Taller de escritura
Ensayo
Por: Miriam Cairo
Así como se han escrito sendos ensayos acerca de la imposibilidad de enseñar literatura en el aula, podríamos decir que en vistas de lo inasible de la poesía, los docentes estaríamos eximidos de enseñarla. Pero, si se me permite, creo que el problema está en la intención del docente frente a la literatura y frente a la poesía: ninguna de ellas necesita de alguien que las enseñe sino de alguien que las dé, que las entregue, que las eche a andar. Porque la experiencia estética habrá de ser estimulada, las vivencias emocionales, incitadas, pero nunca dirigidas. Estos bienes espirituales requieren más de un acompañante, que de un instructor.
Si tenemos en cuenta este punto de vista que deviene un propósito docente más cercano al ofrecimiento que a la imposición, estaremos mejor situados a la hora de experimentar la poesía en el aula.
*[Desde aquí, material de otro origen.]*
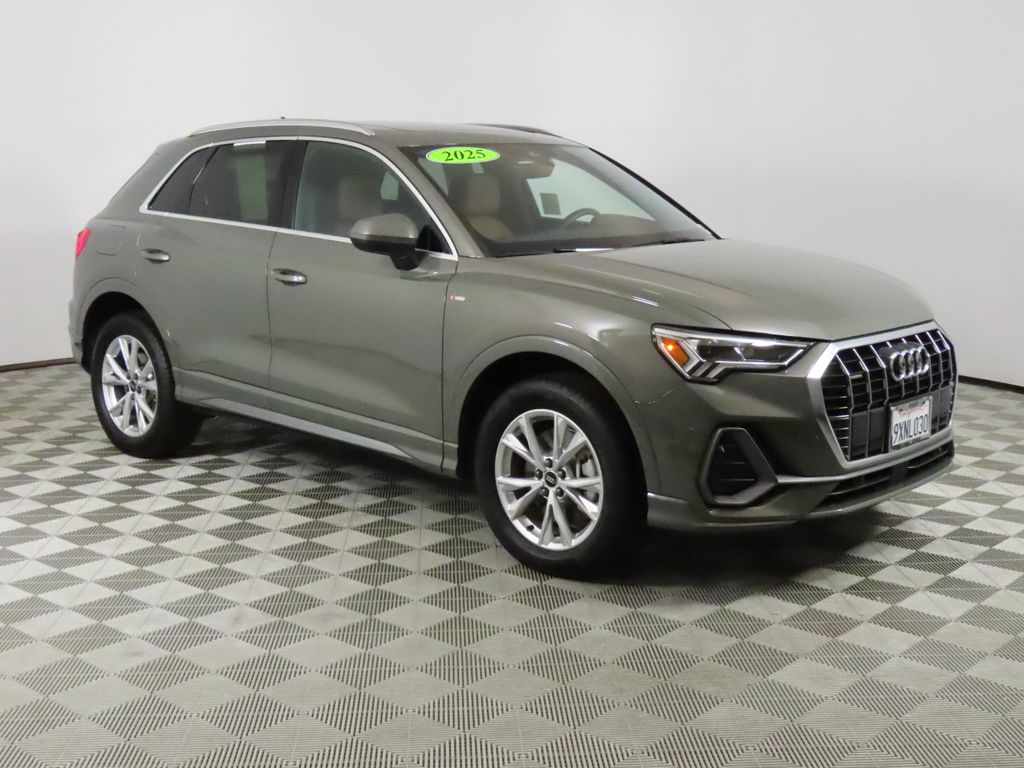 Thumbnail: 2025 Audi Q3 - 7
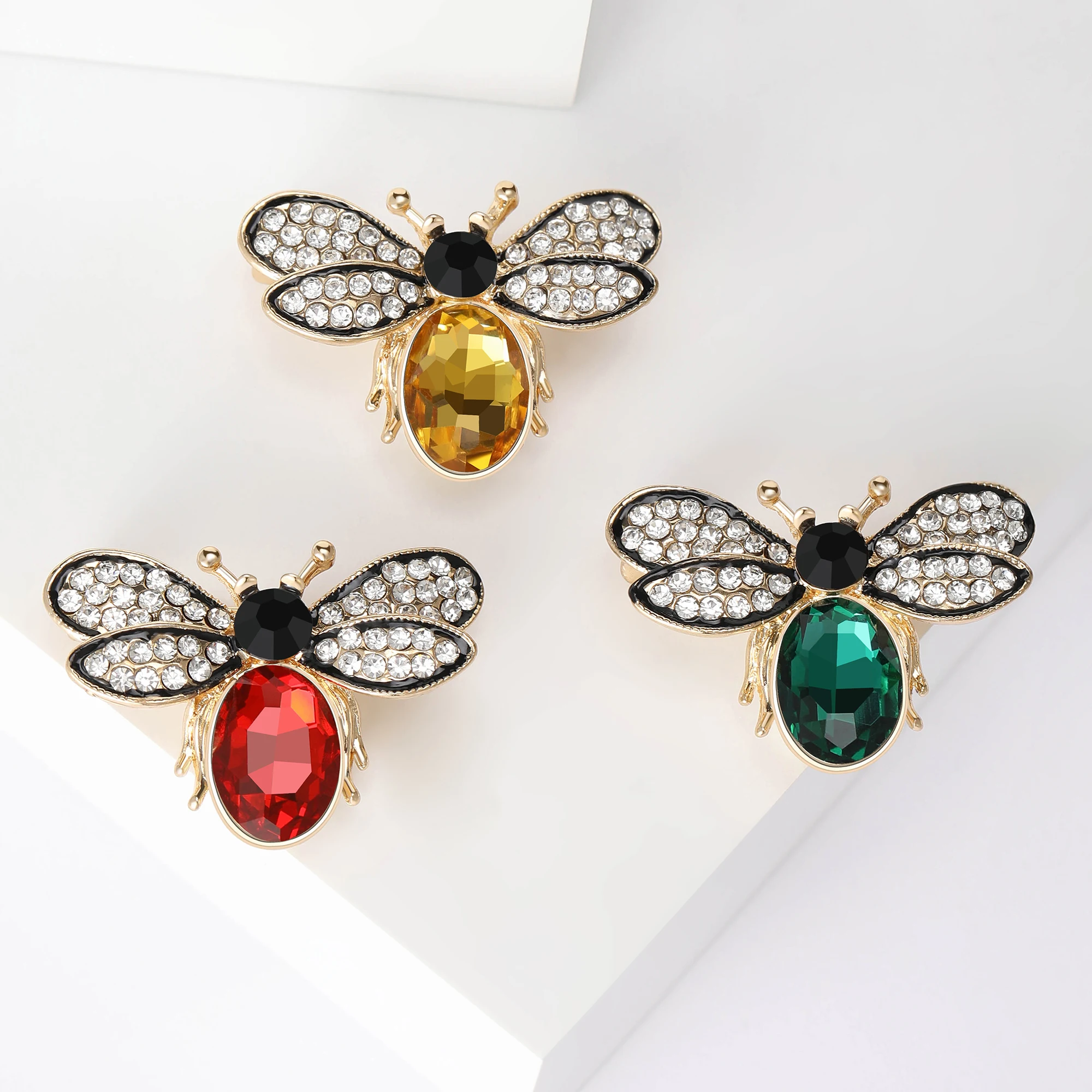 Enamel Bee Brooches for Women Unisex Trendy bees Insect Pin Office Party Friend Gifts Accessories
Retamoso, en Sobre la pedagogía de lo literario, (Rosario, 1997, La enseñanza de la literatura como problema) señala: “cuando en las clases de lengua o de literatura se trabaja con textos poéticos, de lo que se trata en la mayoría de los casos, es de reconocer formas y figuras retóricas como la cubierta o el envoltorio peligroso que hay que desmontar para acceder al reino de los significados verdaderos.” Esta obsesión por hacer tangible lo intangible, por hacer lineal lo espiralado, no sólo es una tarea asfixiante, sino también inútil.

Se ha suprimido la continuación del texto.